Canadian musician and composer

Chris Crilly is a Canadian musician and composer, who has won the Genie Award for Best Original Score at the 22nd Genie Awards in 2002 for Atanarjuat: The Fast Runner.

He was born in Bangor, County Down, Northern Ireland in 1948 and educated in England and Canada, with choral training in the Schola Cantorum tradition under Geoffrey Tristram at St. Peter's School and Christchurch Priory, Dorset UK. He also studied the piano with Audrey King.

Crilly was exposed to West African music while his family was stationed in Ghana during the 1950s and 60's. Moving to Canada in 1967, he was trained in filmmaking at Loyola College Université de Montréal. It was after an extended stay in Ghana in 1970 to 1971 that Crilly began his searched for collaborators in a new approach to Celtic music; one that would step outside the traditional constraints. He felt a need to combine his classical choral training and the percussion possibilities he experienced in West Africa.
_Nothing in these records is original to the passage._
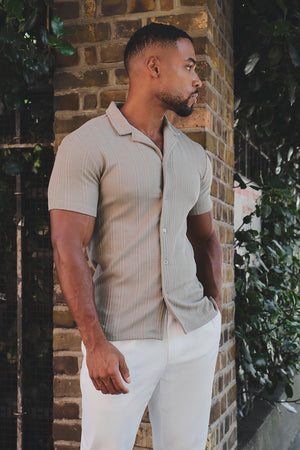 Stripe Patterned Cuban Collar Shirt in Dark Putty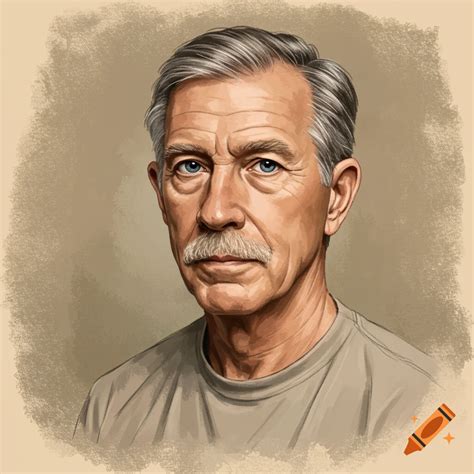 An older man with blue eyes and a mustache. on Craiyon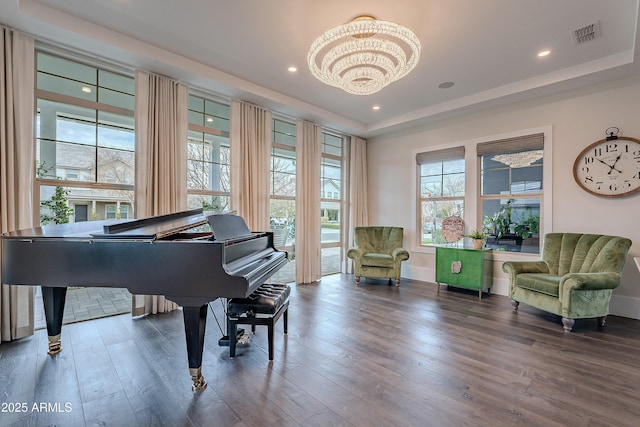 sitting room featuring a raised ceiling and hardwood / wood-style floors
In 1973, in Montreal, Crilly teamed up with fellow Irishman Toby Kinsella, guitarist Richard Chapman, fiddler Elliot Selick, singer and guitarist Pierre Guérin, and percussionist Ed Moore to form Na Baird, the Montreal Celtic band which was to become Barde. Crilly toured with Barde throughout Canada and the eastern U.S. until 1980. During that time the band released two albums: "BARDE" 1977 and "IMAGES" 1978. In January 1980 Crilly left the band, which would release one further album, "VOYAGES" 1982, before disbanding.

Chris Crilly's rhapsody for violin and piano, The Eagle and the Loon (1997), was commissioned by Mohawk violinist Tara-Louise Montour. In 2001 Crilly composed the score for Zacharias Kunuk's Inuit feature film Atanarjuat: The Fast Runner. He has also composed music for television series, animation, and documentary films, including: Strings/Cordes, The Boys of St. Vincent, Frank the Wrabbit, Short Infinity, and Eckhart. In 2016 Crilly collaborated with singer/composer Tanya Tagaq on the score for Kunuk's feature film Maliglutit/Searchers.

From 1990 to 1995 Crilly was a music and sound editor at the National Film Board of Canada. From 1990 to 2018 he taught in the Concordia University departments of Cinema and Communication. Chris Crilly lives in Havelock, Québec, with his wife, artist Catherine Farish.